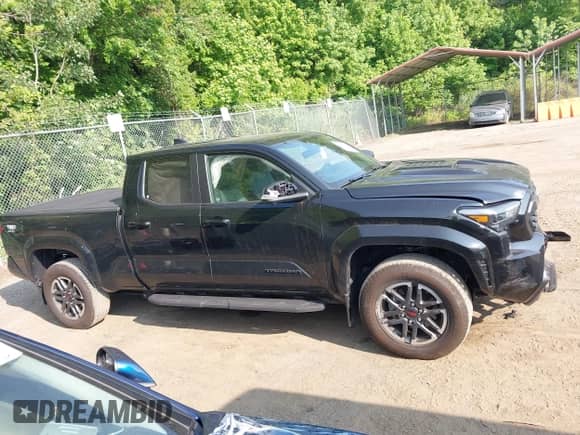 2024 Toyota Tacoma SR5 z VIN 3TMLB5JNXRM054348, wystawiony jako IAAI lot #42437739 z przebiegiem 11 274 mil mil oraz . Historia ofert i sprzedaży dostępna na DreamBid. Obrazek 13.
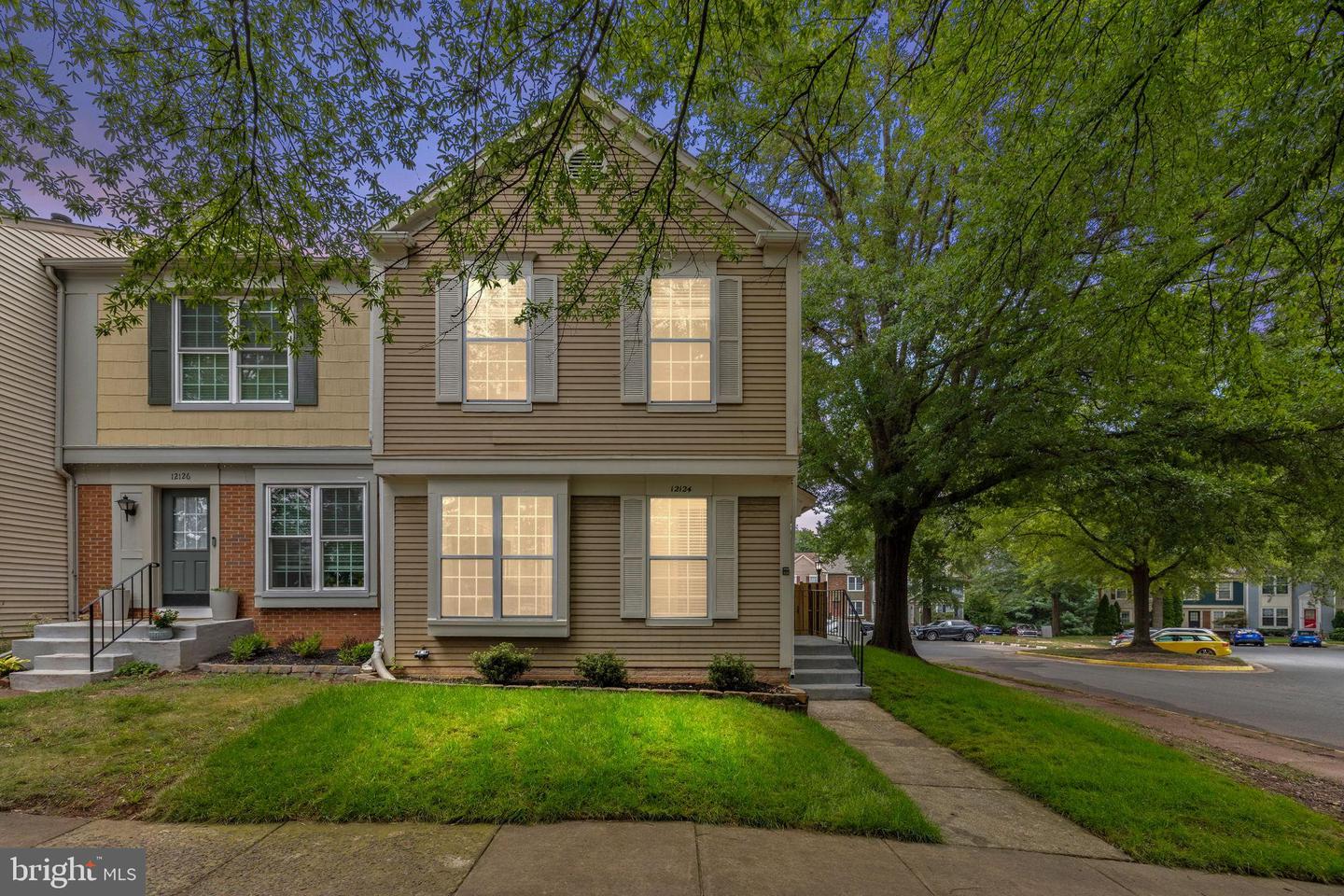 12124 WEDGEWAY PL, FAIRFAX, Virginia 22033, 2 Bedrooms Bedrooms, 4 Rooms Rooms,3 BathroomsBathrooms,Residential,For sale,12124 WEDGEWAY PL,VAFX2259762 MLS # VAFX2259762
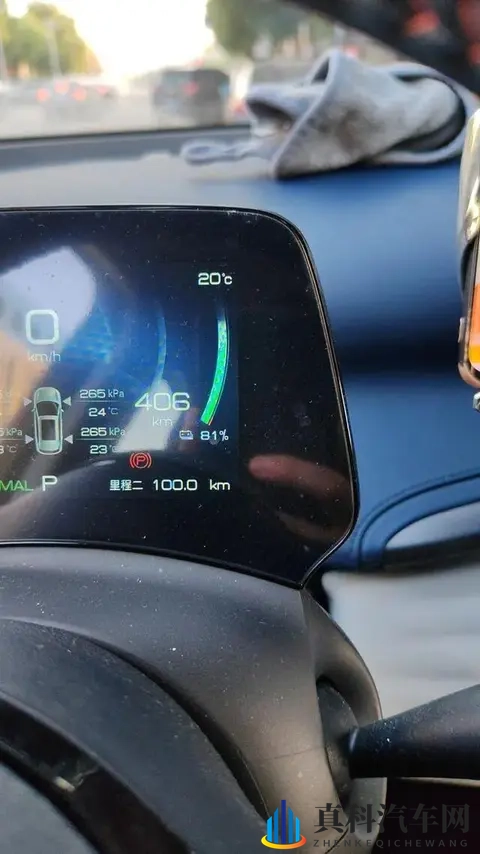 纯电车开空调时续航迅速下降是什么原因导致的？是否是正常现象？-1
+ + + + +
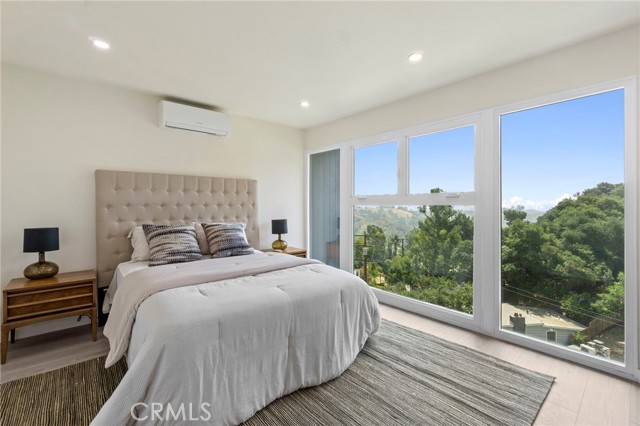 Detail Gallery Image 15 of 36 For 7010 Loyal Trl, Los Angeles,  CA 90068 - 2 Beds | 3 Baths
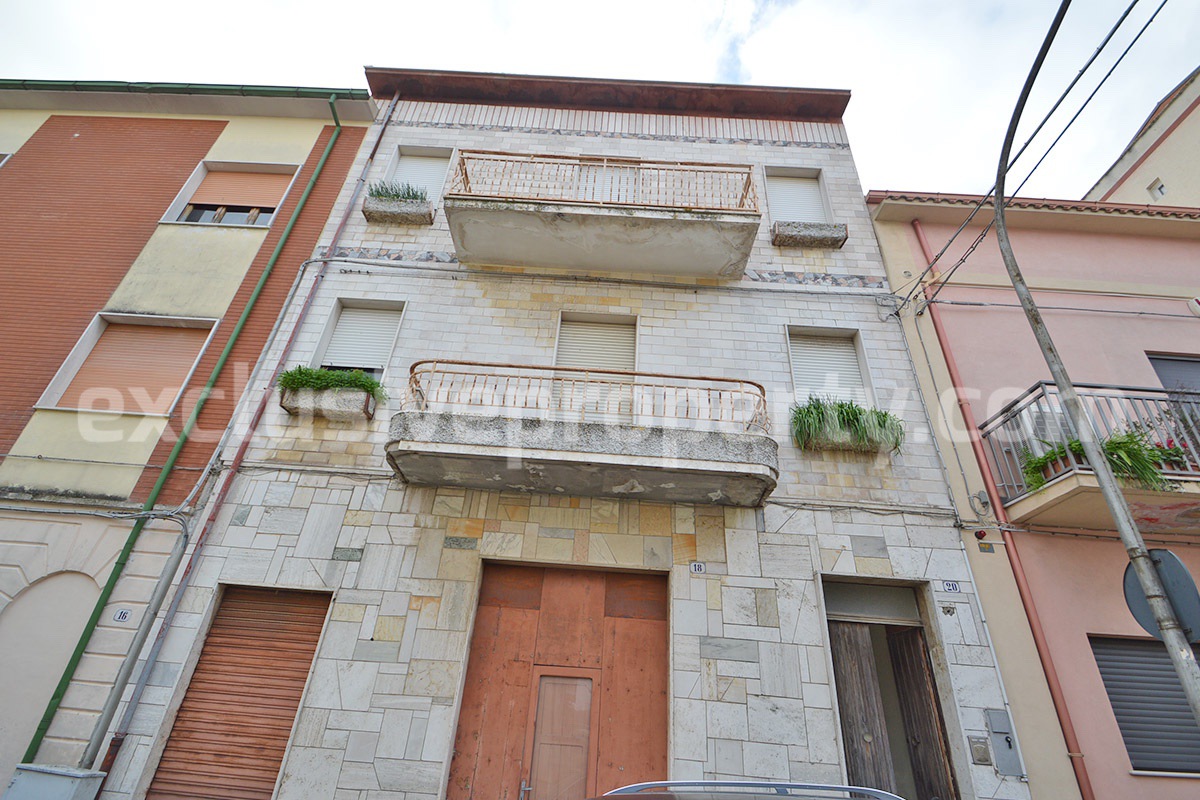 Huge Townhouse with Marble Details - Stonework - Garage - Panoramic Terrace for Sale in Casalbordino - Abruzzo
+ + + + +
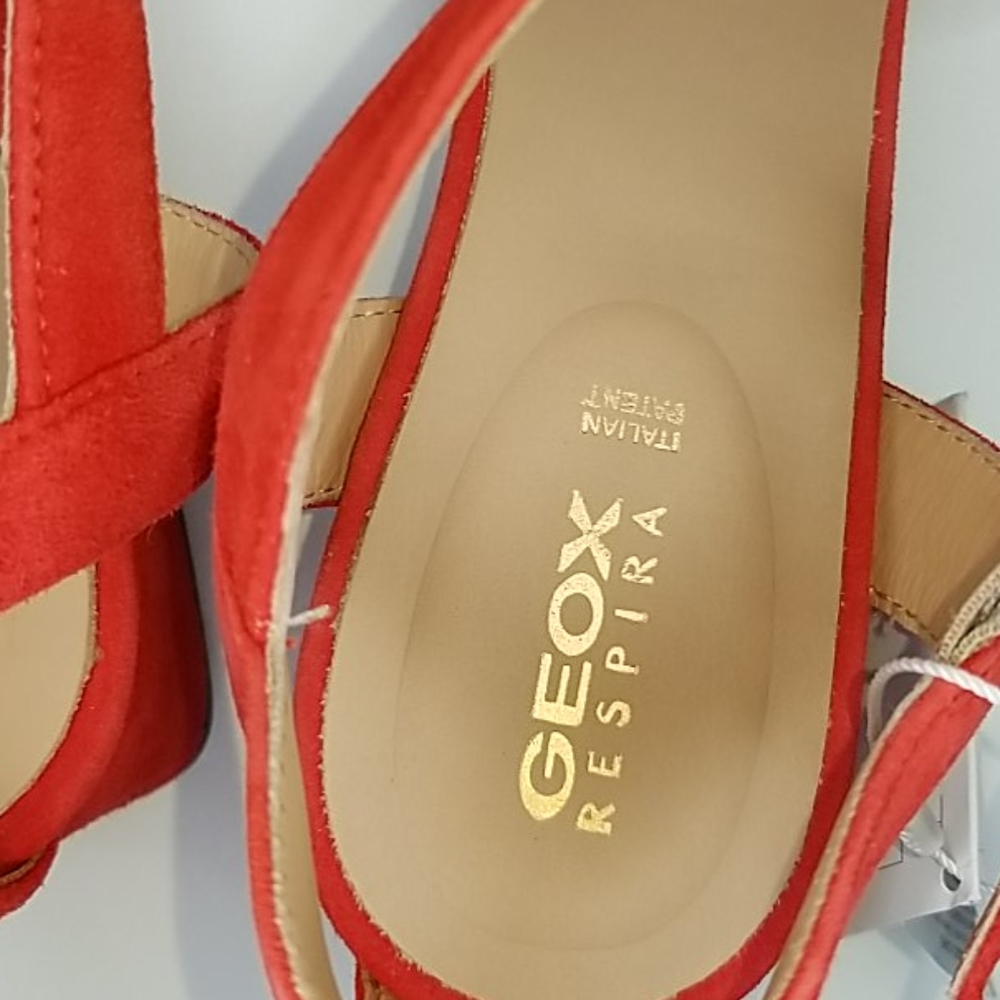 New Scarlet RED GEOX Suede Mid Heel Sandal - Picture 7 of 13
+ + + + +
◆ Task directions ◆
Would you please repeat only the lines above, beginning at the one that has "2024 Toyota Tacoma" and stopping after the one that has "纯电车开空调时续航迅速下降是什么原因导致的？是否是正常现象？-1", exactly and with no pictures?

◆ Answer below ◆
 2024 Toyota Tacoma SR5 z VIN 3TMLB5JNXRM054348, wystawiony jako IAAI lot #42437739 z przebiegiem 11 274 mil mil oraz . Historia ofert i sprzedaży dostępna na DreamBid. Obrazek 13.
 12124 WEDGEWAY PL, FAIRFAX, Virginia 22033, 2 Bedrooms Bedrooms, 4 Rooms Rooms,3 BathroomsBathrooms,Residential,For sale,12124 WEDGEWAY PL,VAFX2259762 MLS # VAFX2259762
 纯电车开空调时续航迅速下降是什么原因导致的？是否是正常现象？-1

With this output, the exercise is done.